Ríona Judge McCormack wins Hennessy New Irish Writer award
Chris Connolly wins Emerging Fiction prize, Jane Clarke wins Emerging Poetry award and Éilís Ní Dhuibhne inducted into Hennessy Literary Awards Hall of Fame
Winners Jane Clarke, Ríona Judge McCormack and Chris Connolly at the 45th annual Hennessy Literary Awards, in the RHA Gallery on Thursday, April 28th, 2016. Photograph: Anthony Woods
Éilís Ní Dhuibhne: inducted into Hennessy Literary Awards Hall of Fame . Photograph: Anthony Woods
Ríona Judge McCormack has been named the Hennessy New Irish Writer 2016 at the 45th annual Hennessy Literary Awards in Dublin.
Judge McCormack’s short story Some Strange Moon also won the first fiction prize, while Chris Connolly won the emerging fiction prize and Jane Clarke took the emerging poetry award.
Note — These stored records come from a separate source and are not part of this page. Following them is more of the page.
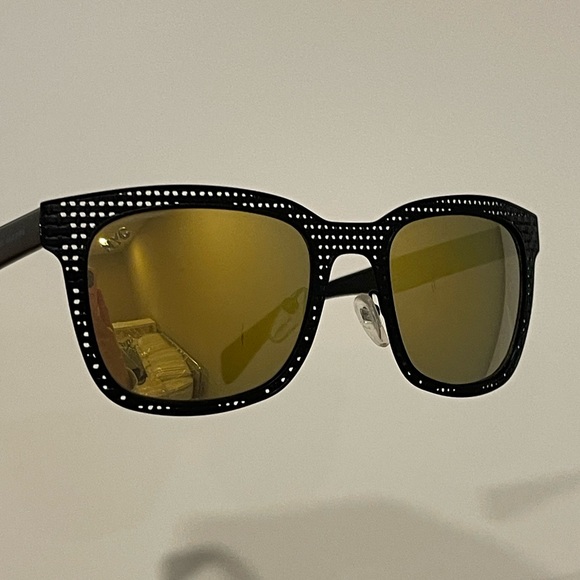 Marc by Marc Jacobs Limited Edition NYC Wayfair Sunglasses - Picture 2 of 5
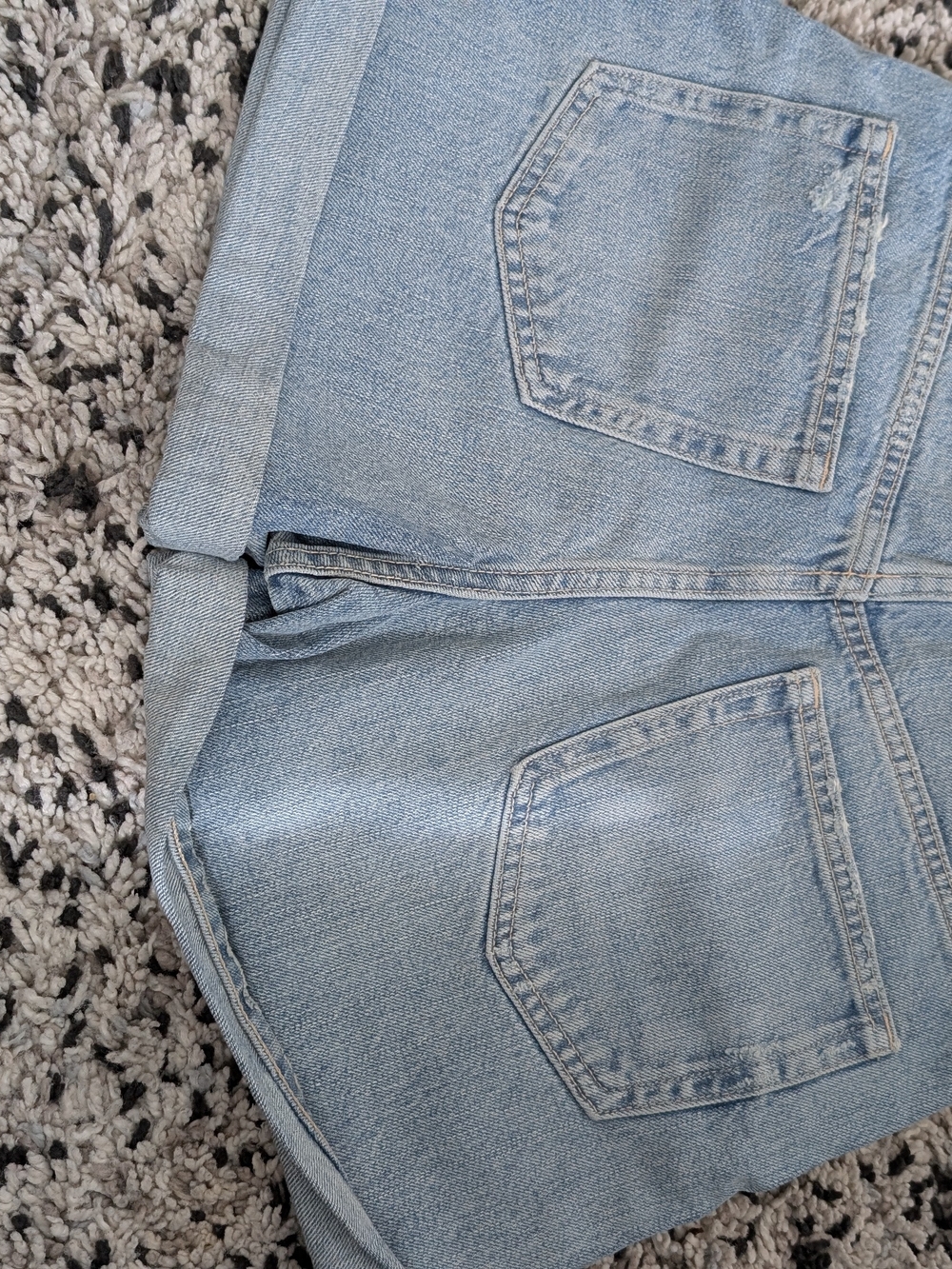 Zara Short - Picture 3 of 3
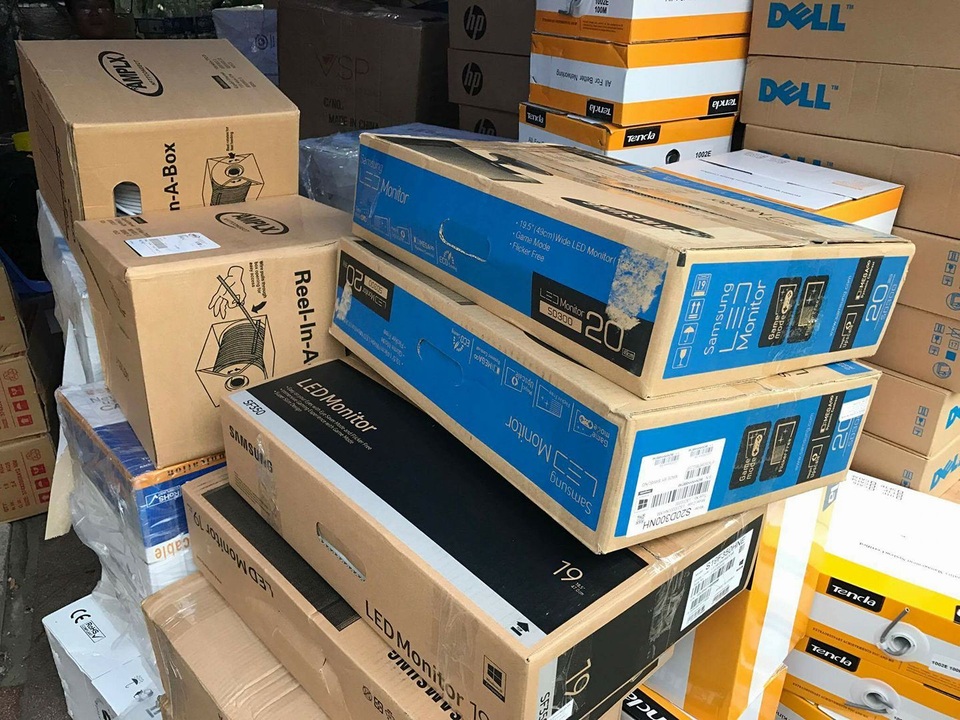 Triệt phá đường dây nhập lậu điện tử cực lớn tại TP.HCM - 5 Triệt phá đường dây nhập lậu điện tử cực lớn tại TP.HCM - 5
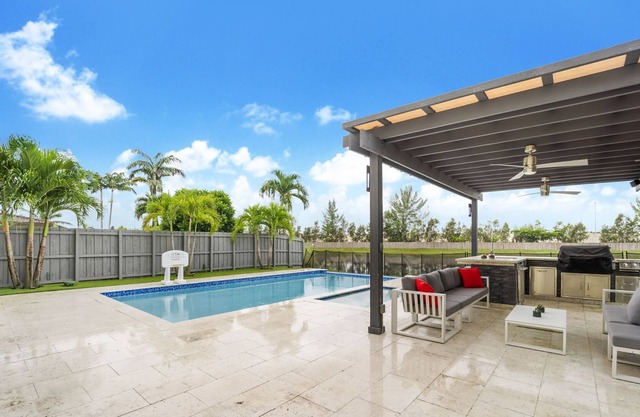 Lovely 4BR 3BA Doral Home w Pool/BBQ/Parking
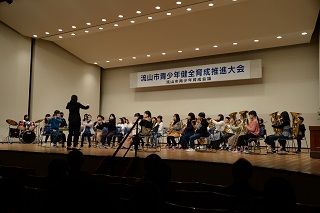 写真：向小金小学校吹奏楽部の皆さんによる演奏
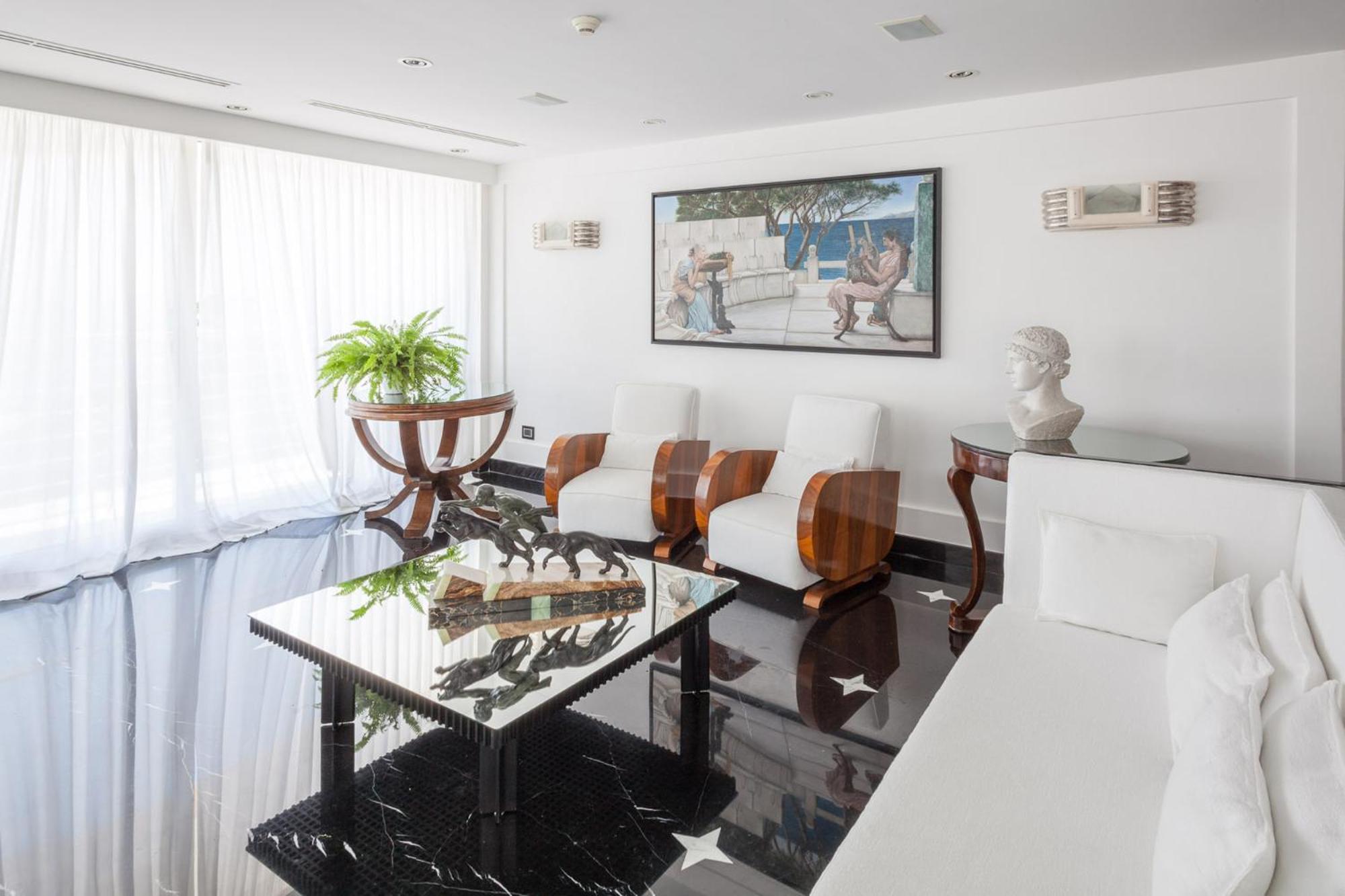 Presidential Paltrow Sea Side with Private Pool and Terrace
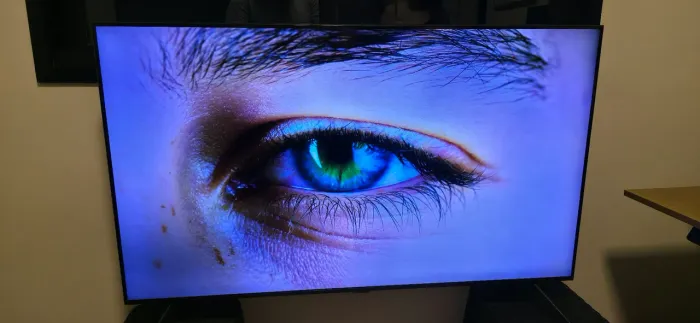 TV SAMSUNG UHD CRYSTAL 4K 50' Excelente Estado
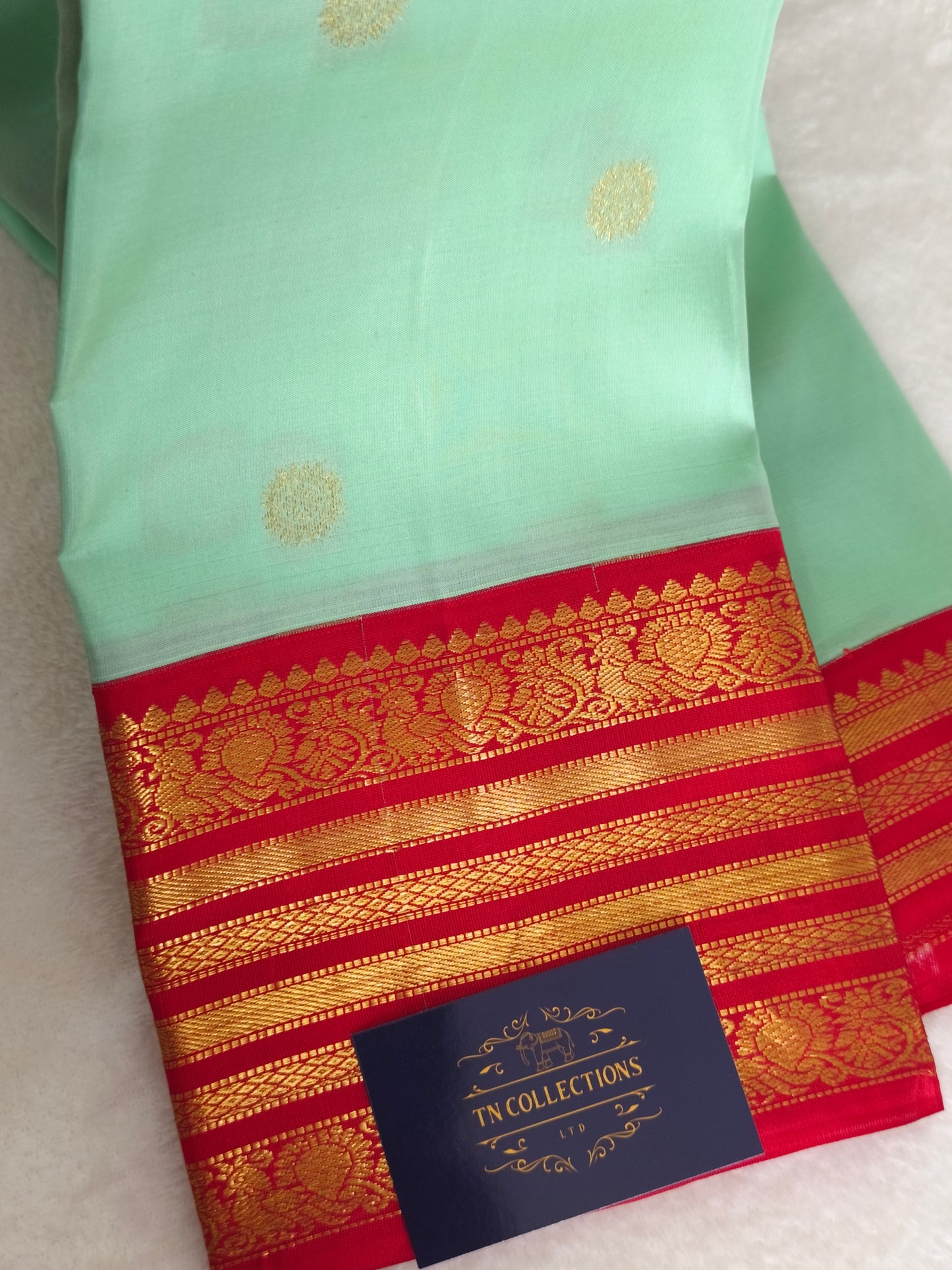 Pure handloom Kanchipuram Silk Saree (Pista Green)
The winning entries were first published in The Irish Times, which runs the Hennessy New Irish Writing page on the last Saturday of each month.
Éilís Ní Dhuibhne became the 14th Irish writer to be inducted into the Hennessy Literary Awards Hall of Fame.
“Starting out as a writer can be a terribly lonely experience, full of self-doubt,” Judge McCormack said. “Opportunities like New Irish Writing are crucial – they tell you someone believes in you, they give you the strength to persevere through the inevitable rejections and low times to come.”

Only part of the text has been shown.